Search code examples
sql-serverutf-8windows-1252

List of character encoding conversions required : windows-1252 to UTF-8


I have an SQL Server database full of badly-encoded characters. The issue was the ETL was written in Java with the wrong default encoding, and was therefore directly loading the badly-encoded characters. The database is literally holding the characters ö instead of ö

I've fixed the issue with the ETL, now I would like to fix the existing data. I know I can use REPLACE() to replace the characters, but my issue is that I do not have a definitive list of characters and what they're "supposed" to be.

I have scoured the internet for some sort of definitive list but I cannot find one. I just need a big list of this:

ö > ö

é > é

etc

EDIT: I first thought the "bad" encoding was ISO 8859-15, actually I just checked the previous default charset and it is windows-1252. I have updated the title of the post.


Solution

  • It's a big list. UTF-8 encodes all of Unicode in one to four bytes per Unicode code point. There are 1,114,111 Unicode code points (1,112,064 if UTF-16 surrogates are discounted).

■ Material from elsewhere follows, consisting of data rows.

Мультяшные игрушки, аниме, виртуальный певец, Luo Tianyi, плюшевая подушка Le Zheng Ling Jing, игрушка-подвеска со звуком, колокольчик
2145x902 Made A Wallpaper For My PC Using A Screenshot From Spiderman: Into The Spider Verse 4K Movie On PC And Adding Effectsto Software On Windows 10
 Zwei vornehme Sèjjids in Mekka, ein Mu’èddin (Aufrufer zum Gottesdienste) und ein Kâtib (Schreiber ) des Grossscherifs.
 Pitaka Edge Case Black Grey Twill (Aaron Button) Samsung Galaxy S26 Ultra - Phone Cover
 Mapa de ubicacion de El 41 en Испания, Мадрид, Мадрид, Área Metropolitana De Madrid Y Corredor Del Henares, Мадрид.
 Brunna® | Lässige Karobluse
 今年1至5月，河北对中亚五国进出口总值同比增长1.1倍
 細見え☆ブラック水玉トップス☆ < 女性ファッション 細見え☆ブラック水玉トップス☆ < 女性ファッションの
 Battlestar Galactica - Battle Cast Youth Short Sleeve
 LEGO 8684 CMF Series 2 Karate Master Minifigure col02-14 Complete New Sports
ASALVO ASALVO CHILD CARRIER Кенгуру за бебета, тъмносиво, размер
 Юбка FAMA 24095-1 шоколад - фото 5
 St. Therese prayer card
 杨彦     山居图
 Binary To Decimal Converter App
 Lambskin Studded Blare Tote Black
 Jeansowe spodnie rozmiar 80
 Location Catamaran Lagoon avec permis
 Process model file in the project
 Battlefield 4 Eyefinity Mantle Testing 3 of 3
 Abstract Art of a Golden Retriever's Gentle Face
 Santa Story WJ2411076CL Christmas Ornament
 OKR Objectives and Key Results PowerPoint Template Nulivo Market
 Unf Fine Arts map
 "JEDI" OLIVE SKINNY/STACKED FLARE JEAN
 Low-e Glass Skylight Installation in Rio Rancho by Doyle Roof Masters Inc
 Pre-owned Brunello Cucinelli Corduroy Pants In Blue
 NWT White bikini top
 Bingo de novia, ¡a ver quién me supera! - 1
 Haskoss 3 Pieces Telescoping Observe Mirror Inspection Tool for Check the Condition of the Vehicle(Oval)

    It is easier to read the strings using Windows-1252, encode them to bytes using Windows-1252, decode them with UTF-8. Example in Python since its what I have available to demo:

    >>> s = 'öé'
    >>> s.encode('Windows-1252').decode('UTF-8')
    'öé'
    

    Note though, that Windows-1252 is lossy. Some bytes used in UTF-8 don't have a definition in Windows-1252, so its possible that when written to your database they were dropped. It's also possible that ISO-8859-1 was used (aka latin1) which is close to Windows-1252 but all bytes are defined.